## INFORMATION PROVIDED:
= Beginning of Section =

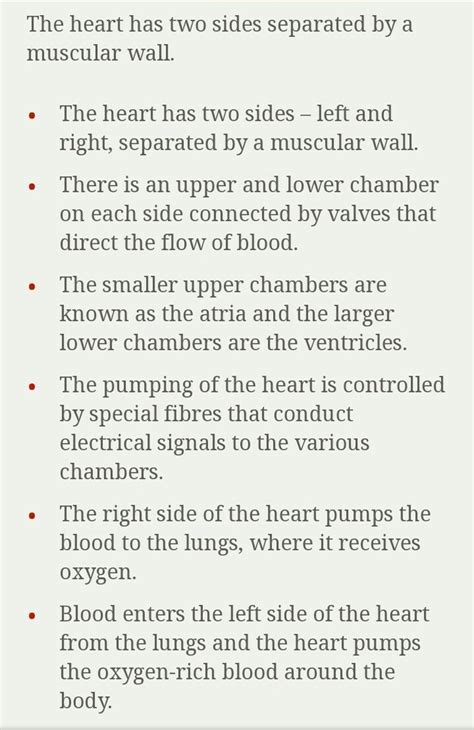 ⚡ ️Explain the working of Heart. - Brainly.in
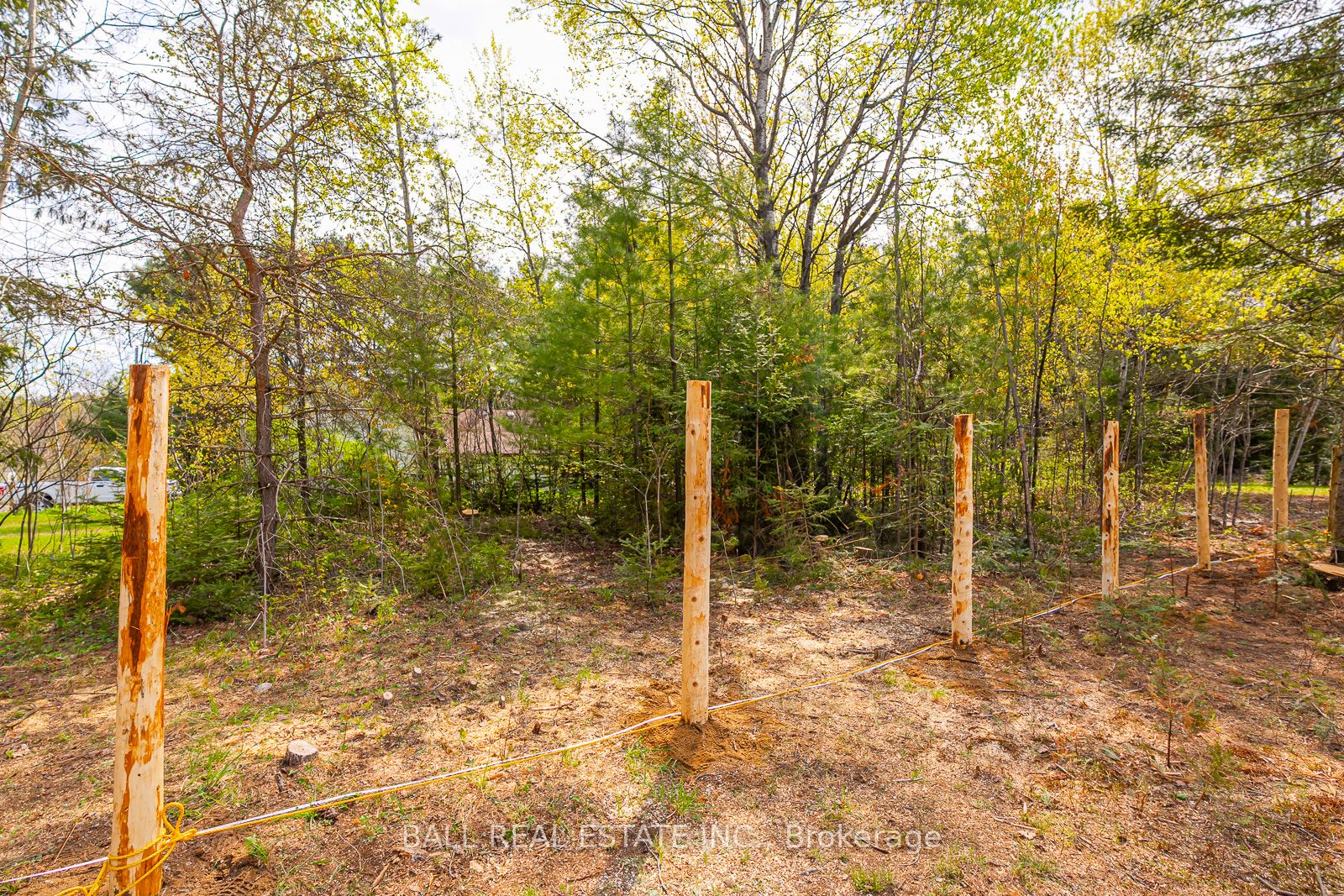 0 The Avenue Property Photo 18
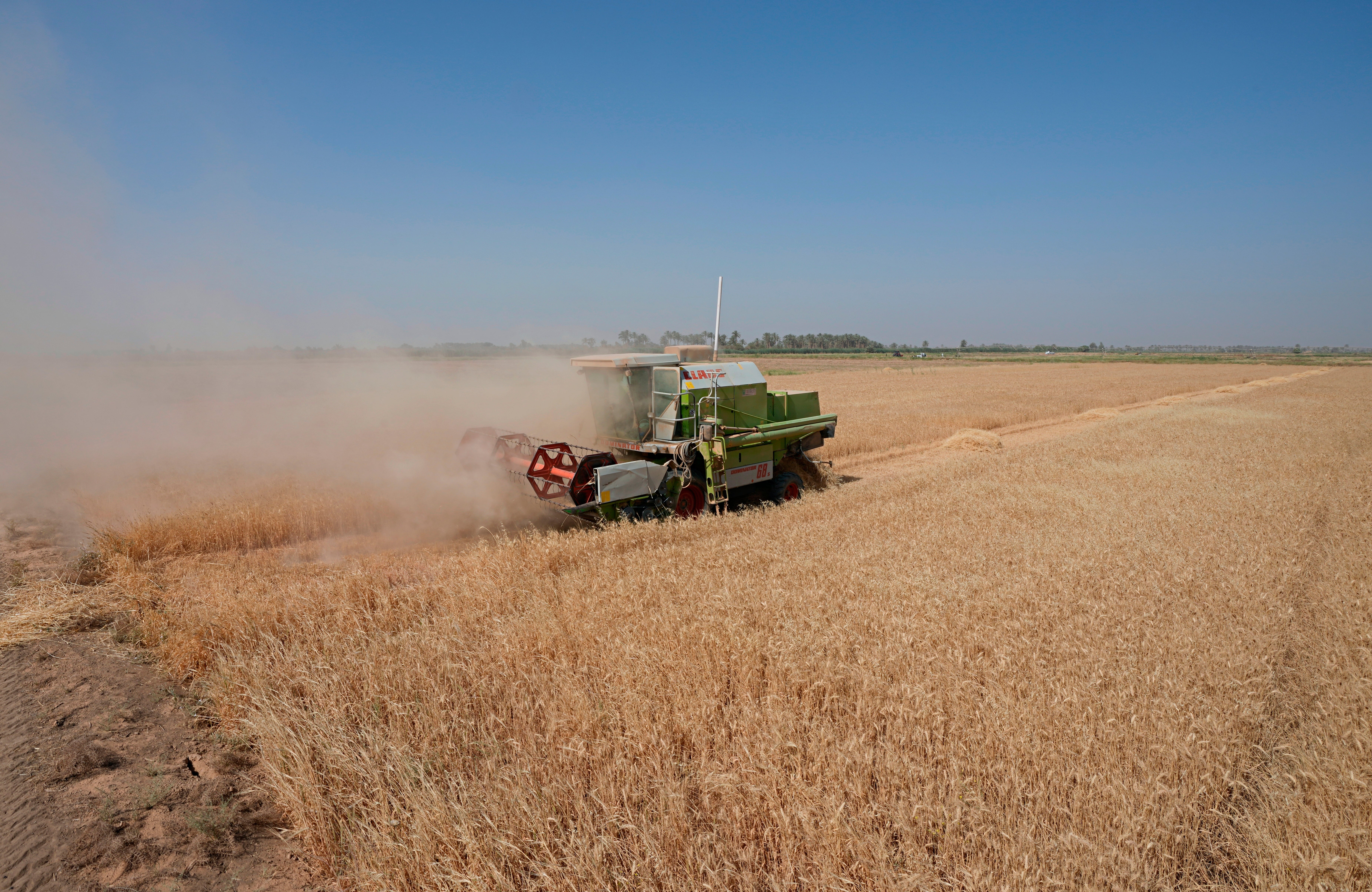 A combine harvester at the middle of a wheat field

= End of Section =

## EXERCISE OBJECTIVE:
The range to transcribe runs from the line holding "0 The Avenue Property Photo 18" through the final line of the data above; copy it exactly and exclude the pictures.

## EXERCISE RESULT:
 0 The Avenue Property Photo 18
 A combine harvester at the middle of a wheat field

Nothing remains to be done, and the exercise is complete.